Eaton was given extensive access to rehearsals and opera company records in her research. "Even with all the opera I've seen," she explained in 1975, "it still fascinates me more than any other form of music." Books by Eaton include Musical U.S.A. (1949), Opera Caravan (1957), Opera Production: A Handbook (1961), The Boston Opera Company (1965), The Miracle of the Met (1968), Opera Production: A Handbook, Volume 2 (1974), Opera: A Pictorial Guide (1980), and Sutherland and Bonynge: An Intimate Biography (1987). She was a regular contributor to opera programming on radio, and wrote about the coming of opera to television.

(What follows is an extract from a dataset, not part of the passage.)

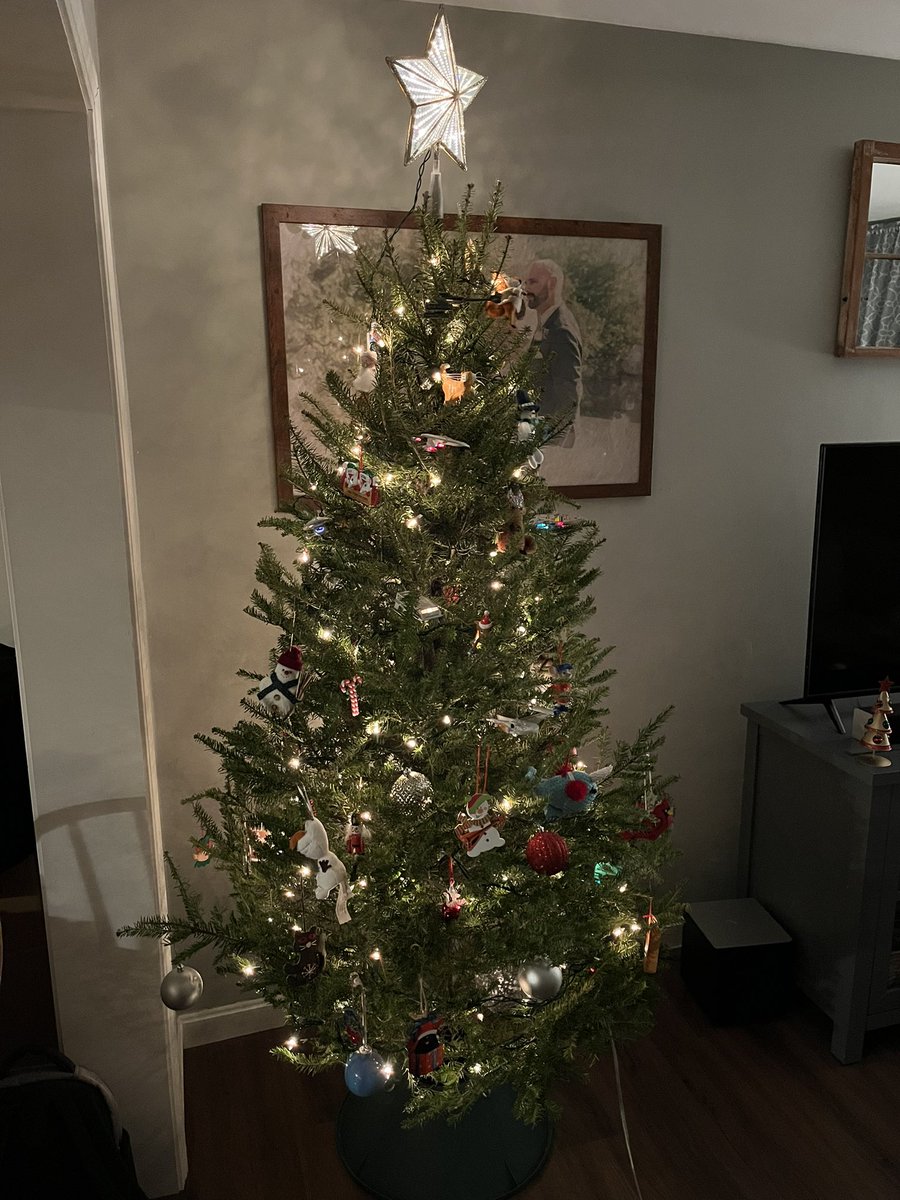 ZackDeuce's tweet photo. Set up the tree over the weekend. I think my inner geek may be showing.
#MerryGeekmas #GeekyChristmasTree https://t.co/0SnFK9Cu1d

Eaton was named a National Arts Associate by the music fraternity Sigma Alpha Iota for her "distinguished contributions to the arts". She spent the summers of 1971 and 1973 in Taos, New Mexico on grants from the Wurlitzer Foundation.

In 1974, she returned to Taos, after an extended tour in Australia, covering new productions at the Sydney Opera House.

==Personal life==
Eaton was often described as a tall woman, and her wardrobe of handmade and unusual gowns and hats was also remarked upon. She died in 1992, in New York City, after a stroke. She was 90 years old. "Her textbooks on opera production have been indispensable and irreplaceable tools for opera professionals for decades," wrote Christopher Keene, general director of the New York City Opera, on the occasion. "Those privileged to know her will miss her indescribable vivacity and exceptional outlook on life. She was one of a kind."

A 1976 audio recording of her interviewing Joan Sutherland and Richard Bonynge for radio is archived in the National Library of Australia.